Essentially, I’ve realized that I really love working in the service industry. A lot of people seem to view serving jobs as “starter” jobs, side hustles, or reserved for people who don’t have any ~higher aspirations~. I’m very lucky that the people I’ve told so far (my parents, my boyfriend, and a few close friends) have been supportive and agreed that service jobs fit my personality and lifestyle well, and that they can be a decent way to make a living. Inwardly, I’m confident in my decision, but I can’t help but feel nervous about explaining this choice to people in the future – whether it’s my extended family, older friends I don’t talk to as frequently, or new people I meet in the coming months/years who ask the inevitable question – “where do you work?”
Do you have any tips or advice for answering those kind of questions, especially if I’m working multiple side-hustles to make ends meet, rather than having one neatly-packaged title-and-employer to speak of?
Hey Hustler! I think your question is great, and first, I just want to commend you on having the bravery to take your professional life by the balls (pardon my French) and really do what you want with it, prestige be damned. You have experienced something that so many people do (being disappointed by the reality of the heavily-hyped and heavily-prestigious “career job”), but you have actually found the courage to do something about it, and admit that you are happier to be working in the service industry and, at least for the time, figuring things out with a few different side jobs. So many people would love to do what you’re doing, and admit the things that you’ve admitted to yourself, but will never be able to take the deep breath and jump off the societally-approved career track. So, kudos.
Now, onto the meat of the question, which is twofold: One, how to answer the prying questions of people who might judge you for your new job(s): honestly? Fuck them. Seriously, figure out the answer that feels the most true to you and to your current work situation, and just say that, regardless of the side-eye you fear they might give you. I think you’ll be surprised how a “non-prestigious” answer can be perceived if delivered with confidence, excitement, and clarity. I used to feel this exact same anxiety about telling people I was a community college student, until I started delivering my answer with the forthright excitement of someone who was going to Harvard. It was sincere to my experience — I loved CC! — and it took the shame completely out of the equation. If someone is going to judge you for something you love and own completely, they just end up looking like an insecure asshole.
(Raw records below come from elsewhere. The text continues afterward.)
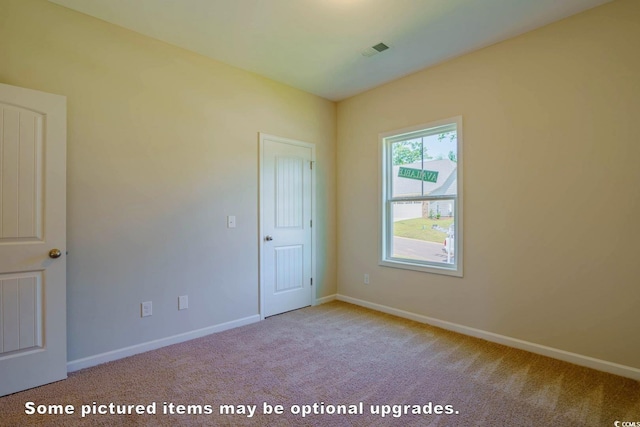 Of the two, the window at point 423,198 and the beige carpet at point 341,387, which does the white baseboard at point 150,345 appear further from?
the window at point 423,198

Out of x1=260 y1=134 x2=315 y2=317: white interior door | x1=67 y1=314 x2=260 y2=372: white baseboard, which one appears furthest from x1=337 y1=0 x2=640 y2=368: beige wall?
x1=67 y1=314 x2=260 y2=372: white baseboard

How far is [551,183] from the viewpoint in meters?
2.64

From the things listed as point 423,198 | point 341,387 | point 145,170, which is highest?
point 145,170

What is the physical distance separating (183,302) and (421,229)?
2694mm

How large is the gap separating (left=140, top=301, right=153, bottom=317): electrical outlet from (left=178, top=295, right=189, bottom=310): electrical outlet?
251 mm

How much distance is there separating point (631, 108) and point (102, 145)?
4.16 metres

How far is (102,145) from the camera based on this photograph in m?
2.59

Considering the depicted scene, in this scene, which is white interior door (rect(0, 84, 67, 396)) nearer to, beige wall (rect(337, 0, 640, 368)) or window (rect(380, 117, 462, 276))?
window (rect(380, 117, 462, 276))

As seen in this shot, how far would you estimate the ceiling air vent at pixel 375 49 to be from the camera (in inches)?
117

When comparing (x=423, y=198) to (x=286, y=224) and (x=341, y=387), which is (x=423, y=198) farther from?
(x=341, y=387)

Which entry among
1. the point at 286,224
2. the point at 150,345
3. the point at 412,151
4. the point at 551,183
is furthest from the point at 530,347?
the point at 150,345

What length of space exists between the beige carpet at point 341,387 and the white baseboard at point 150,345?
0.29ft

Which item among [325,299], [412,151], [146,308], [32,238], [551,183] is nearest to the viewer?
[32,238]

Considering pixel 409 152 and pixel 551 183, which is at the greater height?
pixel 409 152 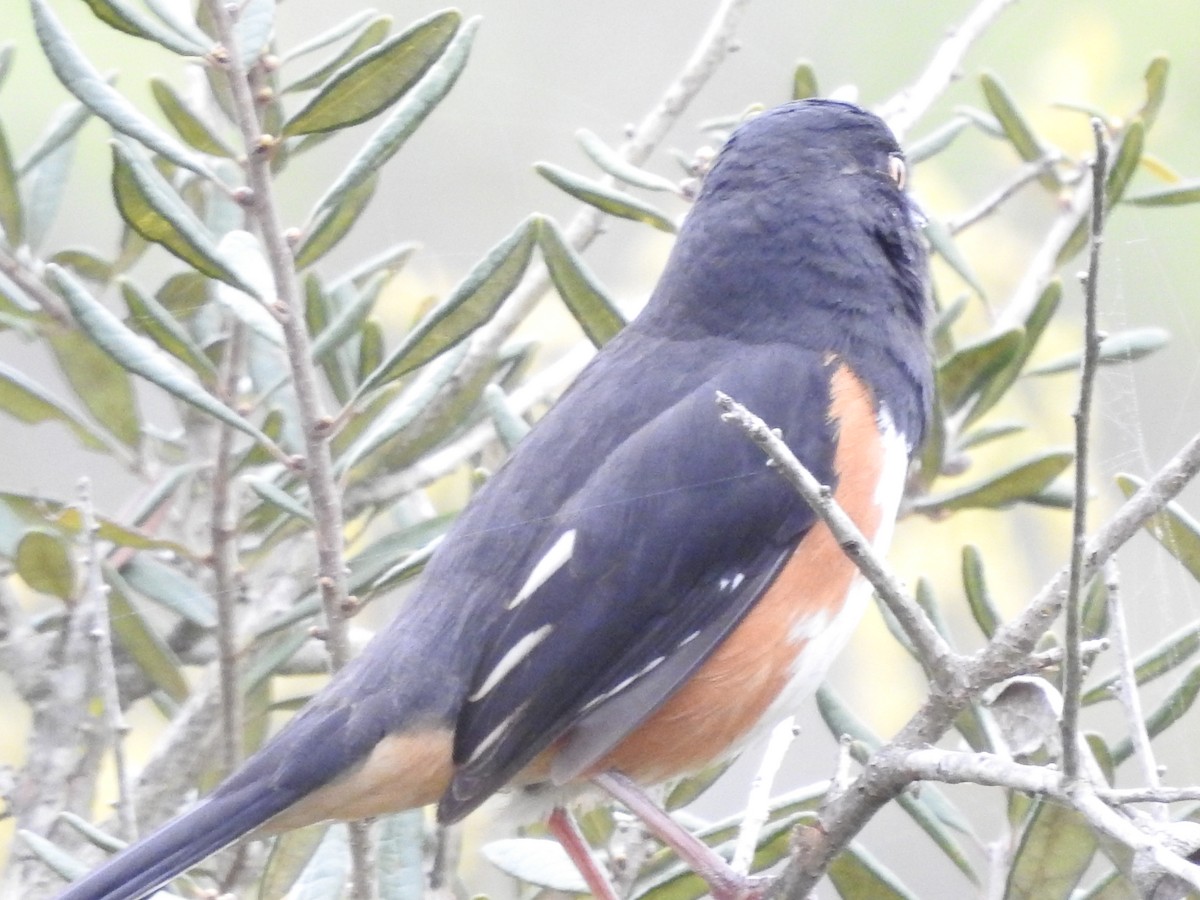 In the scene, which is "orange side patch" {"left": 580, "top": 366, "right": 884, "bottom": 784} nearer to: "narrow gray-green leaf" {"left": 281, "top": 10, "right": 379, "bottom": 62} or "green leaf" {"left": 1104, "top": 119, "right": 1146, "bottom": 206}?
"green leaf" {"left": 1104, "top": 119, "right": 1146, "bottom": 206}

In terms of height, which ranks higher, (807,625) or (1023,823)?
(807,625)

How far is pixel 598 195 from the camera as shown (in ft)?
6.46

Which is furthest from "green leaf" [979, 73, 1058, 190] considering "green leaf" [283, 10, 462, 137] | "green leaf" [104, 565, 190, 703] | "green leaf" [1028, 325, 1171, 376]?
"green leaf" [104, 565, 190, 703]

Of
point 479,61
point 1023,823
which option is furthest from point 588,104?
point 1023,823

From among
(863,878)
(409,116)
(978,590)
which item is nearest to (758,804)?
(863,878)

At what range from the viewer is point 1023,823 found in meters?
1.81

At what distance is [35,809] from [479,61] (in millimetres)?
1474

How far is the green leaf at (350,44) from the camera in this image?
1.89 m

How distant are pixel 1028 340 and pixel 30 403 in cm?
125

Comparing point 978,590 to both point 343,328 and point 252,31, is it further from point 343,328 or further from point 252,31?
point 252,31

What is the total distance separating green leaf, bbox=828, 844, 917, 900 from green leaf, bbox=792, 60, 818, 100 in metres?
1.11

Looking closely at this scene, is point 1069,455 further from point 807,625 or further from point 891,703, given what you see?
point 891,703

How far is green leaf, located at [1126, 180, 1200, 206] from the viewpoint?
2191 millimetres

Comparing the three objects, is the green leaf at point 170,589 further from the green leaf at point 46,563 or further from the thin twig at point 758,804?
the thin twig at point 758,804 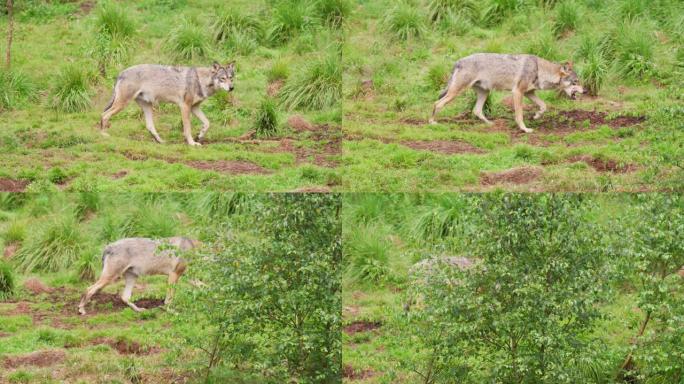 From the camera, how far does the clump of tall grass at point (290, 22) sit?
21.0 metres

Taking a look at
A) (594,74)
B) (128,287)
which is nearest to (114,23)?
(128,287)

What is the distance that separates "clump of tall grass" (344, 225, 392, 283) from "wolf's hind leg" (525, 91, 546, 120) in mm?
2985

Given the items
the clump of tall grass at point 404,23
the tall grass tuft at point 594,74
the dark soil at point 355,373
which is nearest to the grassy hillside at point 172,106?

And for the record, anyone who judges you for being in the service industry is an asshole, which is important to remember in general. Anyone with whom you fear having this conversation because you know they’re going to be a jerk about it is not someone whose opinion matters, at least not until they’ve grown up substantially.
That being said, the follow-up question many people might have is more to do with your long-term plans in your chosen field. Now, obviously you don’t have to have a perfectly-outlined career in the service industry as of today, but it’s good to start thinking in those terms. Part of the reason many people imagine these jobs as being uniquely the realm of starter positions is because few people really look at them as the long-term, fruitful, satisfying careers they can be. And ultimately, no matter what your job is, if the work is just as rote and un-challenging as it was when you first started, you are most likely going to get bored and frustrated. The quality of a job shouldn’t be measured in financial terms, but it should be measured in satisfaction, and part of that means growth: growth in scope, growth in creativity, growth in responsibility.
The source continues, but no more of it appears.